To understand what you are seeing here, please see the Afghan War Diary Reading Guide and the Field Structure Description

Afghan War Diary - Reading guide

The Afghan War Diary (AWD for short) consists of messages from several important US military communications systems. The messaging systems have changed over time; as such reporting standards and message format have changed as well. This reading guide tries to provide some helpful hints on interpretation and understanding of the messages contained in the AWD.

Most of the messages follow a pre-set structure that is designed to make automated processing of the contents easier. It is best to think of the messages in the terms of an overall collective logbook of the Afghan war. The AWD contains the relevant events, occurrences and intelligence experiences of the military, shared among many recipients.
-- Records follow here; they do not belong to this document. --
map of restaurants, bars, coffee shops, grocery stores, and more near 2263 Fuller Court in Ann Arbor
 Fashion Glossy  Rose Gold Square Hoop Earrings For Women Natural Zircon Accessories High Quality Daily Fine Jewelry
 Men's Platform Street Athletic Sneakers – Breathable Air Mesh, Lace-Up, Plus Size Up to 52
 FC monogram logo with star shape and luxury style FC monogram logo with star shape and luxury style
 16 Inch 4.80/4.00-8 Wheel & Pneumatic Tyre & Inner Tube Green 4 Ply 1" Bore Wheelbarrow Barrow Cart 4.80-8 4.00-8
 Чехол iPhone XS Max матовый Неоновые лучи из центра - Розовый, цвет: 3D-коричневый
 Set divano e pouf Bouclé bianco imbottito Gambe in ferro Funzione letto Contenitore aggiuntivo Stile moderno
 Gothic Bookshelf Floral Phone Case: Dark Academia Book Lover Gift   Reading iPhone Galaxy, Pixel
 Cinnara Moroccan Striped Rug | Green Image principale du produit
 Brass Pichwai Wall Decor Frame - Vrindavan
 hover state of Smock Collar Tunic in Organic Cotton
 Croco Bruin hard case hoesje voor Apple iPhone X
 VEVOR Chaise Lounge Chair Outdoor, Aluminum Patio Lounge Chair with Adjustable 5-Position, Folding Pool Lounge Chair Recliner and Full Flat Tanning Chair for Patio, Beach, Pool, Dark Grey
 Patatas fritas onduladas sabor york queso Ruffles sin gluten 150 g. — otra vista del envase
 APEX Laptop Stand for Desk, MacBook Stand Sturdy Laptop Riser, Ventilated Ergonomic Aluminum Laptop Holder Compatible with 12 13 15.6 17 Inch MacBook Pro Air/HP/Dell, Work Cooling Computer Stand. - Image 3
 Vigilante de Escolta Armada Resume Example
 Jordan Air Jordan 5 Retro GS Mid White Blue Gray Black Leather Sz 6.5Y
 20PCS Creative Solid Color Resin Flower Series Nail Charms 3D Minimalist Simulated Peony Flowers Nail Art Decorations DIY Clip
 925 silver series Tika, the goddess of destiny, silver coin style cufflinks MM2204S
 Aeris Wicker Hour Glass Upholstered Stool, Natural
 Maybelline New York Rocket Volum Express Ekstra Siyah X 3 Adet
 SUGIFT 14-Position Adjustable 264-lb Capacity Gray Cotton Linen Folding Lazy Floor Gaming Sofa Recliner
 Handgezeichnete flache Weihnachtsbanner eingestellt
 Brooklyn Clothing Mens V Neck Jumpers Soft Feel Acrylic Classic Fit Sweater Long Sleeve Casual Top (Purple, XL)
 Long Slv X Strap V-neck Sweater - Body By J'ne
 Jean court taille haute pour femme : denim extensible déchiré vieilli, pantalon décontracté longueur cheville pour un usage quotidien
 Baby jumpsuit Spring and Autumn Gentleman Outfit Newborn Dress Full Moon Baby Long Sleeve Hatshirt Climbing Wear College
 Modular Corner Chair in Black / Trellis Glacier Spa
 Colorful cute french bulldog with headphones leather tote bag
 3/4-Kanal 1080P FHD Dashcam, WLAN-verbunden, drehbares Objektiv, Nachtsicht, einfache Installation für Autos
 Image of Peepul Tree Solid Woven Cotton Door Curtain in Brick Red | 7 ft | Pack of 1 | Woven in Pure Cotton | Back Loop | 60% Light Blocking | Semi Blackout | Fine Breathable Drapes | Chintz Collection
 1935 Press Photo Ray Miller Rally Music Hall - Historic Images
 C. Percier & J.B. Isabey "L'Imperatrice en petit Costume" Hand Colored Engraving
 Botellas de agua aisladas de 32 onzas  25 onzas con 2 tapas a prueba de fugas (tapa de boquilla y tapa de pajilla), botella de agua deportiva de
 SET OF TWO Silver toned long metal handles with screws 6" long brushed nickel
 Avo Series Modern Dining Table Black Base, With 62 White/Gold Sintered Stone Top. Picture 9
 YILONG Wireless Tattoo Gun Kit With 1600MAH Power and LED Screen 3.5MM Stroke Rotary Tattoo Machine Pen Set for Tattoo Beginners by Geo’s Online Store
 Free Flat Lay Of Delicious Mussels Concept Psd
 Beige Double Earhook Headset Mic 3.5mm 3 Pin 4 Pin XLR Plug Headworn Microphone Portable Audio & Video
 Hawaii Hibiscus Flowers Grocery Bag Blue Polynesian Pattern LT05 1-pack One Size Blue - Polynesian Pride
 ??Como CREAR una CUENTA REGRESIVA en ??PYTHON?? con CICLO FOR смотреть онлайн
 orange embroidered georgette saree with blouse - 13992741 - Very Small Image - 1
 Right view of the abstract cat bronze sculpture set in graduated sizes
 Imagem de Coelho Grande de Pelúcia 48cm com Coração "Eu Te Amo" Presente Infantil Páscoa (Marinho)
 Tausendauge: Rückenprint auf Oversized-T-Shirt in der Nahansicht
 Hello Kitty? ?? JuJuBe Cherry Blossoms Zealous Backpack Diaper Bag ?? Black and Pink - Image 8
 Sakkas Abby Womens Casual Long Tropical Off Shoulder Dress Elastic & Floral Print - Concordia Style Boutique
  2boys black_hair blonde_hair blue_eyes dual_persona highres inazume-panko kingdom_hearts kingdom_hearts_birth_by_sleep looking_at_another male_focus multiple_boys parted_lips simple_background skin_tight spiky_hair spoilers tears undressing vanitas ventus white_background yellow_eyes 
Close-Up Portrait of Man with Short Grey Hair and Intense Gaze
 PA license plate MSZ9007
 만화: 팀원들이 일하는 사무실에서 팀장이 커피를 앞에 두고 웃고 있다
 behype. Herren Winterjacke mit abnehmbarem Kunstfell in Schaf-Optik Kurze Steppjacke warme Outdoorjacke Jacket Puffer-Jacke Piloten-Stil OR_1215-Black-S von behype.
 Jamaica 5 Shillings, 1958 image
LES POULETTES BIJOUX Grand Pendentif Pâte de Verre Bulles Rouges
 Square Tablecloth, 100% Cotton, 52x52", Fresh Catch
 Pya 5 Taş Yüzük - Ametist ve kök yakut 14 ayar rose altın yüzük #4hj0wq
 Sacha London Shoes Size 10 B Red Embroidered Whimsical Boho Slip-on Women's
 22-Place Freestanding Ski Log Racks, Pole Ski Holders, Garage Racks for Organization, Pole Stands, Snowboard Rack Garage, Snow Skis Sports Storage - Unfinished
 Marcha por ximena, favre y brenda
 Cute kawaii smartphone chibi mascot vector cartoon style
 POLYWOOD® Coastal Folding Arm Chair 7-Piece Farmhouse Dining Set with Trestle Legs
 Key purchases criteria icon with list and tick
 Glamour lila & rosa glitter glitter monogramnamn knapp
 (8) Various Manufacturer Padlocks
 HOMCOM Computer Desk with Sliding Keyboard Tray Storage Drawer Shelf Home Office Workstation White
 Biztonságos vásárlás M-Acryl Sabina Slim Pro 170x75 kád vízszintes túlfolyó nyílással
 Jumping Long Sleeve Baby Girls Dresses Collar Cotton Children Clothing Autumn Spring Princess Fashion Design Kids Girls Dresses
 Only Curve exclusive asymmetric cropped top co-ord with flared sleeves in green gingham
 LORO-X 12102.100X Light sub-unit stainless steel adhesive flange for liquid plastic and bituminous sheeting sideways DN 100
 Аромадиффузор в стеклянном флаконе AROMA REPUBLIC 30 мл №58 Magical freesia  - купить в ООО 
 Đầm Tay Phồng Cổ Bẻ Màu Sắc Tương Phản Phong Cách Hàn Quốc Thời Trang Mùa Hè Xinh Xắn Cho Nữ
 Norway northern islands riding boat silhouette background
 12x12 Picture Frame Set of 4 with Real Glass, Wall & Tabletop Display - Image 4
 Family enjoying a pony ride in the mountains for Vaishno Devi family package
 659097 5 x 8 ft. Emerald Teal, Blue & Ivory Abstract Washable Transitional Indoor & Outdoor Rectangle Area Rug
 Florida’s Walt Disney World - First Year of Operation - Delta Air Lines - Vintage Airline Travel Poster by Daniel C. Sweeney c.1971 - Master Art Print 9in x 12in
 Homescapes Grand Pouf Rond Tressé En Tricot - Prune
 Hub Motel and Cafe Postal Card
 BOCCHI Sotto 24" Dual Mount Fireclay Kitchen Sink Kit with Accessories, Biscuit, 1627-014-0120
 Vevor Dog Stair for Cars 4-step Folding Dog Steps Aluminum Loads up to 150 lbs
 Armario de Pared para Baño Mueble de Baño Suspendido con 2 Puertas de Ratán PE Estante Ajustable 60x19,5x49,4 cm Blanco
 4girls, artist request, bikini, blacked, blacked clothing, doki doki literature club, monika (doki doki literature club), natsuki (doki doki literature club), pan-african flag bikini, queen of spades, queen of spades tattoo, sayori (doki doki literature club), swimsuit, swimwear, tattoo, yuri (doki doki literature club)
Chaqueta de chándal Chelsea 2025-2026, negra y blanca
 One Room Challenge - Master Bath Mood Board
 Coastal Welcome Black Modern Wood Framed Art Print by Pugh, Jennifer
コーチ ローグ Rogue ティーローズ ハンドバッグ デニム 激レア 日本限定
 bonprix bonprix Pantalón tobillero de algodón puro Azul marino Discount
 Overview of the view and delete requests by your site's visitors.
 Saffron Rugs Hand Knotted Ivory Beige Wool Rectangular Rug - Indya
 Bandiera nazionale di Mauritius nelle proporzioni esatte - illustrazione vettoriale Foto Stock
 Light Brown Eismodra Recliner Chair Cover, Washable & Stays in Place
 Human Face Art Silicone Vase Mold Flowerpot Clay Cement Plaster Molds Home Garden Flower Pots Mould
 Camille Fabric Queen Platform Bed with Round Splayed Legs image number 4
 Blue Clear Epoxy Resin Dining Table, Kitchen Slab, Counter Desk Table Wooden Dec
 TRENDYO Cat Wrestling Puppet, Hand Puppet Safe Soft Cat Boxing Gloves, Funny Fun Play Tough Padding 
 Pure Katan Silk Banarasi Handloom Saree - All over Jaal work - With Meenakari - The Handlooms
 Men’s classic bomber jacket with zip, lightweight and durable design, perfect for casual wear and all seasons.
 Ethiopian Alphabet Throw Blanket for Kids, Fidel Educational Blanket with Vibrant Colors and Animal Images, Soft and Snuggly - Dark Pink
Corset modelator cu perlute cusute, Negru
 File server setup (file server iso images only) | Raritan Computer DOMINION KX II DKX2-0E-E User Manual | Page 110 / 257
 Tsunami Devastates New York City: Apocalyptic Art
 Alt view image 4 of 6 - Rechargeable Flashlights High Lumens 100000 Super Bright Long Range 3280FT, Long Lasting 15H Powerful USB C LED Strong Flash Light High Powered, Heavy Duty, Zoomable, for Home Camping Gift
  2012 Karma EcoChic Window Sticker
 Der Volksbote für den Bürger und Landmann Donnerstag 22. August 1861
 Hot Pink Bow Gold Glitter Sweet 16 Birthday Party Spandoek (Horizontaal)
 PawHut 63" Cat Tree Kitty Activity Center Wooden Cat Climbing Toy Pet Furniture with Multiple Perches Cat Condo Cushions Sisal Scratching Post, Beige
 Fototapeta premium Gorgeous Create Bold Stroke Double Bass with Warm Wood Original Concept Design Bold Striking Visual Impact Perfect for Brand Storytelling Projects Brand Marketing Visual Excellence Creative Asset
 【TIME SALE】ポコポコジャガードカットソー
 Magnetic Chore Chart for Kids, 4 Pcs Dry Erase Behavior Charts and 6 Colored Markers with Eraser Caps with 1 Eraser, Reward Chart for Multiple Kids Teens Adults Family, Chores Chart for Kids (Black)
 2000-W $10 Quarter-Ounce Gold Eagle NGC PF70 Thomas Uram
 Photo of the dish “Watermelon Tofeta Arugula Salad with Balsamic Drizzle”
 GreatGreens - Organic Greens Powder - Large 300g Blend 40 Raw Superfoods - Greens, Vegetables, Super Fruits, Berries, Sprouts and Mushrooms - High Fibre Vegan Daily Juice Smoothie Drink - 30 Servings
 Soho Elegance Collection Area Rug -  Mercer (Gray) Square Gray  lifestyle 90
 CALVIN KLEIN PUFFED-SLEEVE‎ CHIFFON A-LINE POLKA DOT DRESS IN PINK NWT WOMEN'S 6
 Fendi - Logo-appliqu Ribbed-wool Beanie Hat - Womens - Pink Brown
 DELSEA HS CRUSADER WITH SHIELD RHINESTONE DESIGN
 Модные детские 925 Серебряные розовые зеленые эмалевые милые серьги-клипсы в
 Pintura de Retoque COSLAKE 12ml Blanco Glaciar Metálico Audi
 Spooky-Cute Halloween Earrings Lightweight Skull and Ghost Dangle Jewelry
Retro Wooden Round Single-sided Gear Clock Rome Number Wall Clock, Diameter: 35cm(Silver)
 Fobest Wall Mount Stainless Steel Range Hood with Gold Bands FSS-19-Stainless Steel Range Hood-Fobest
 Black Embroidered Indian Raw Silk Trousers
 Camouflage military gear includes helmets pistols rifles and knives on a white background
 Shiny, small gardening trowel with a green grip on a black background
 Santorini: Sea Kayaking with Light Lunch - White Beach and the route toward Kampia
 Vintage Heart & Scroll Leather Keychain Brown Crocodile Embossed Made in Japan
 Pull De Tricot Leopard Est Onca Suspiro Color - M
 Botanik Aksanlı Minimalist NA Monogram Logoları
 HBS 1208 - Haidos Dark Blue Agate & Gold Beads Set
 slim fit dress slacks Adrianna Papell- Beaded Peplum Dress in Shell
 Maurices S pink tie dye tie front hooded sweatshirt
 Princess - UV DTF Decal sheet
The basic idea is that all the messages taken together should provide a full picture of a days important events, intelligence, warnings, and other statistics. Each unit, outpost, convoy, or other military action generates report about relevant daily events. The range of topics is rather wide: Improvised Explosives Devices encountered, offensive operations, taking enemy fire, engagement with possible hostile forces, talking with village elders, numbers of wounded, dead, and detained, kidnappings, broader intelligence information and explicit threat warnings from intercepted radio communications, local informers or the afghan police. It also includes day to day complaints about lack of equipment and supplies.

The description of events in the messages is often rather short and terse. To grasp the reporting style, it is helpful to understand the conditions under which the messages are composed and sent. Often they come from field units who have been under fire or under other stressful conditions all day and see the report-writing as nasty paperwork, that needs to be completed with little apparent benefit to expect. So the reporting is kept to the necessary minimum, with as little type-work as possible. The field units also need to expect questions from higher up or disciplinary measures for events recorded in the messages, so they will tend to gloss over violations of rules of engagement and other problematic behavior; the reports are often detailed when discussing actions or interactions by enemy forces. Once it is in the AWD messages, it is officially part of the record - it is subject to analysis and scrutiny. The truthfulness and completeness especially of descriptions of events must always be carefully considered. Circumstances that completely change the meaning of an reported event may have been omitted.

The reports need to answer the critical questions: Who, When, Where, What, With whom, by what Means and Why. The AWD messages are not addressed to individuals but to groups of recipients that are fulfilling certain functions, such as duty officers in a certain region. The systems where the messages originate perform distribution based on criteria like region, classification level and other information. The goal of distribution is to provide those with access and the need to know, all of the information that relevant to their duties. In practice, this seems to be working imperfectly. The messages contain geo-location information in the forms of latitude-longitude, military grid coordinates and region.

The messages contain a large number of abbreviations that are essential to understanding its contents. When browsing through the messages, underlined abbreviations pop up an little explanation, when the mouse is hovering over it. The meanings and use of some shorthands have changed over time, others are sometimes ambiguous or have several meanings that are used depending on context, region or reporting unit. If you discover the meaning of a so far unresolved acronym or abbreviations, or if you have corrections, please submit them to wl-editors@sunshinepress.org.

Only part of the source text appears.